California officials push back after Trump claims Prop. 50 election is ‘rigged’
California’s elected officials Tuesday afternoon responded to allegations that President Donald Trump levied on social media that California’s special election is “rigged.”
“The bottom line is California elections have been validated by the courts,” Secretary of State Shirley Weber wrote in an emailed statement. “California voters will not be deceived by someone who consistently makes desperate, unsubstantiated attempts to dissuade Americans from participating in our democracy.”
In the statement, Weber asked the Trump administration to point to proof that any irregularities exist.
The back-and-forth was the latest installment of a fight that’s been brewing in the weeks leading up to the special election on Proposition 50, with Trump laying the groundwork for election skepticism, and California officials warning that the president would try to intimidate voters and invalidate the results.
In a Truth Social post Tuesday morning, Trump wrote: “The Unconstitutional Redistricting Vote in California is a GIANT SCAM in that the entire process, in particular the Voting itself, is RIGGED. All ‘Mail-In’ Ballots, where the Republicans in that State are ‘Shut Out,’ is under very serious legal and criminal review. STAY TUNED!”
When asked about the allegations Tuesday, White House Press Secretary Karoline Leavitt told reporters it was “a fact” that there is fraud in California elections.
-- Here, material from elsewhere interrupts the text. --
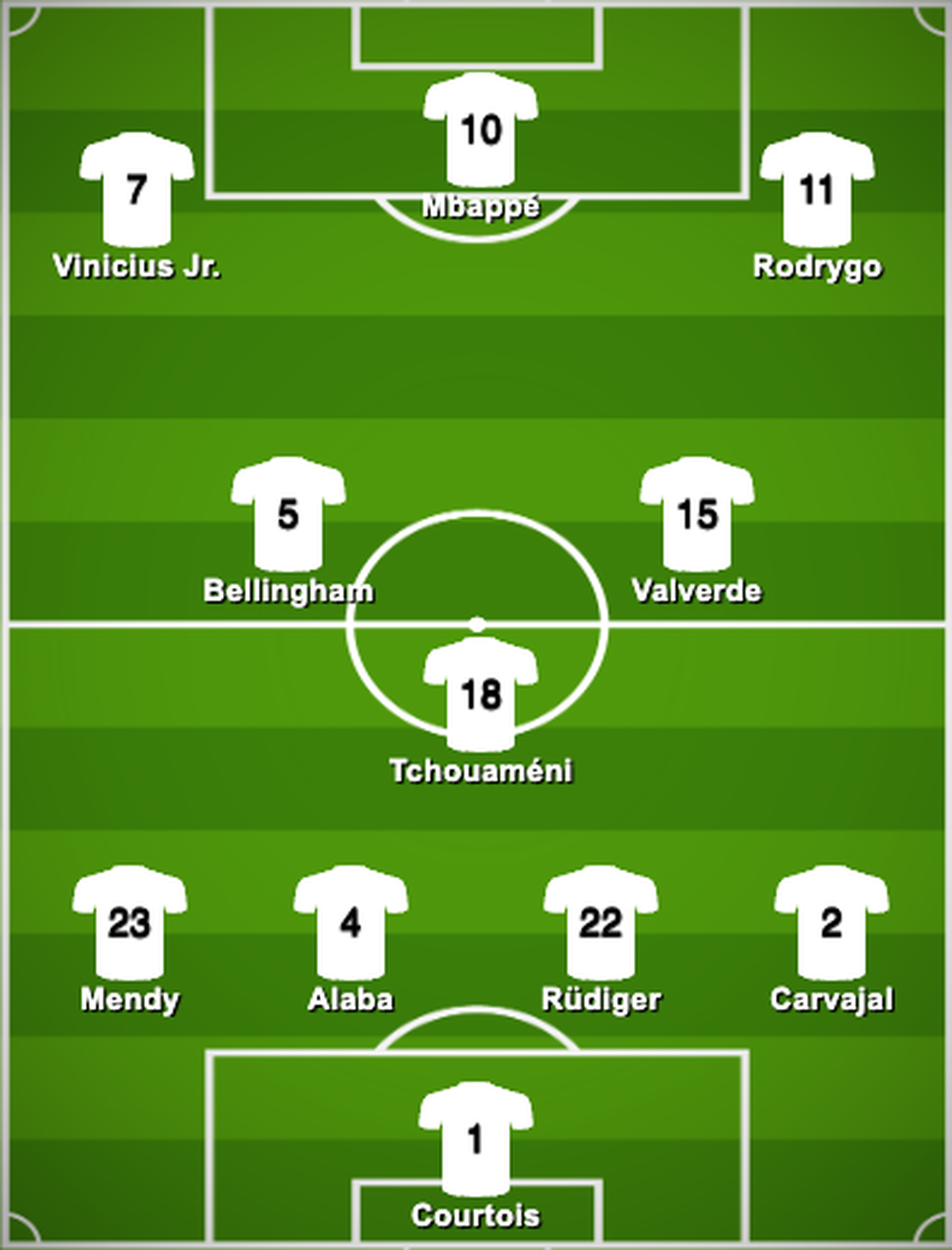 … oder kehrt Madrid zum 4-3-3-System zurück?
“They have a universal mail-in voting system, which we know is ripe for fraud,” she said. She added the state has “fraudulent ballots that are being mailed in, in the names of other people, in the names of illegal aliens who shouldn’t be voting in American elections,” and said the White House would provide proof.
Gov. Gavin Newsom responded to both Trump and Leavitt on X Tuesday, posting a video in the afternoon saying Trump “does not believe in free and fair elections.”
Assemblymember Marc Berman, D-Menlo Park, authored the 2021 law to make California a vote-by-mail state.
In a statement Tuesday, he compared the allegations to a 2017 Presidential Advisory Commission on Election Integrity to find voter fraud, which was dissolved in 2018.
“This time is no different, but damage is still being done by this incessant eroding of Americans’ faith in our democracy. It is truly un-American.”
Fresno poll observers noted, affiliations unknown
On Oct. 24, the U.S. attorney general said she’d be sending federal election observers to five California counties at the request of the California Republican Party. The deployment of observers is not itself unusual, but given posts by Trump on social media, top Democrats warned the move could be a harbinger of false election fraud claims.
The counties included Fresno, Kern, Los Angeles, Orange and Riverside.
During voting on Tuesday, some voters told The Fresno Bee they’d noticed observers, but weren’t sure their affiliations.
James Kus, the Fresno County clerk/registrar of voters said Tuesday he knew of only two federal observers around the county’s polling sites and that far more observers from the state level or state advocacy organizations were present.
The Fresno Bee’s Liliana Fannin and Thaddeus Miller contributed reporting.